Task objective
For this exercise, copy exactly the lines below from the one with "Mobile hanger Crib" through the one with "cm s igelitem" and leave out the pictures.

Records
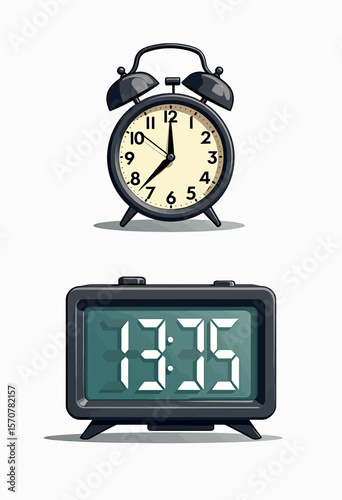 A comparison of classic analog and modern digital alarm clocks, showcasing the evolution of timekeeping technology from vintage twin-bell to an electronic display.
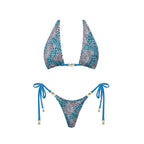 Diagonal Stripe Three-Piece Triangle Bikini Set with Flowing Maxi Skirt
==
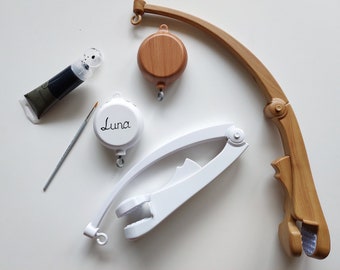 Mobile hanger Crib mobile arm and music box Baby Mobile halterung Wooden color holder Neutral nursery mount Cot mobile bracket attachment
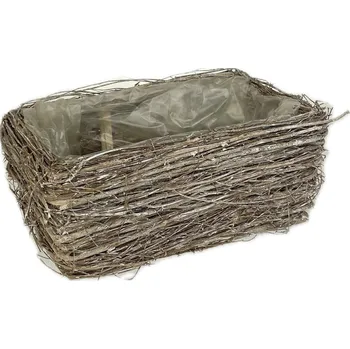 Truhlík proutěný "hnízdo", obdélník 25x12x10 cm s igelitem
--
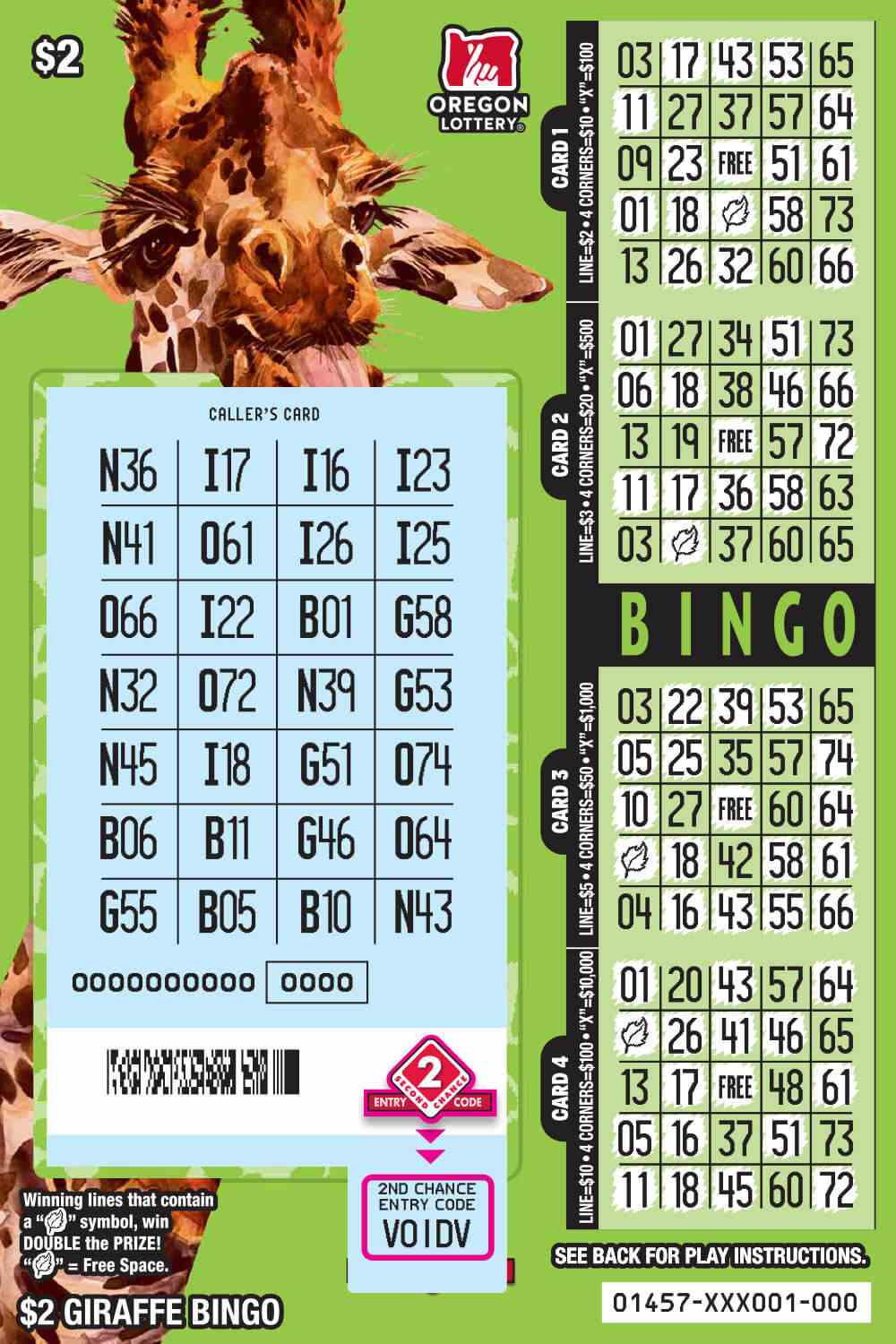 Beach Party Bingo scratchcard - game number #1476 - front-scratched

Completed exercise
 Mobile hanger Crib mobile arm and music box Baby Mobile halterung Wooden color holder Neutral nursery mount Cot mobile bracket attachment
 Truhlík proutěný "hnízdo", obdélník 25x12x10 cm s igelitem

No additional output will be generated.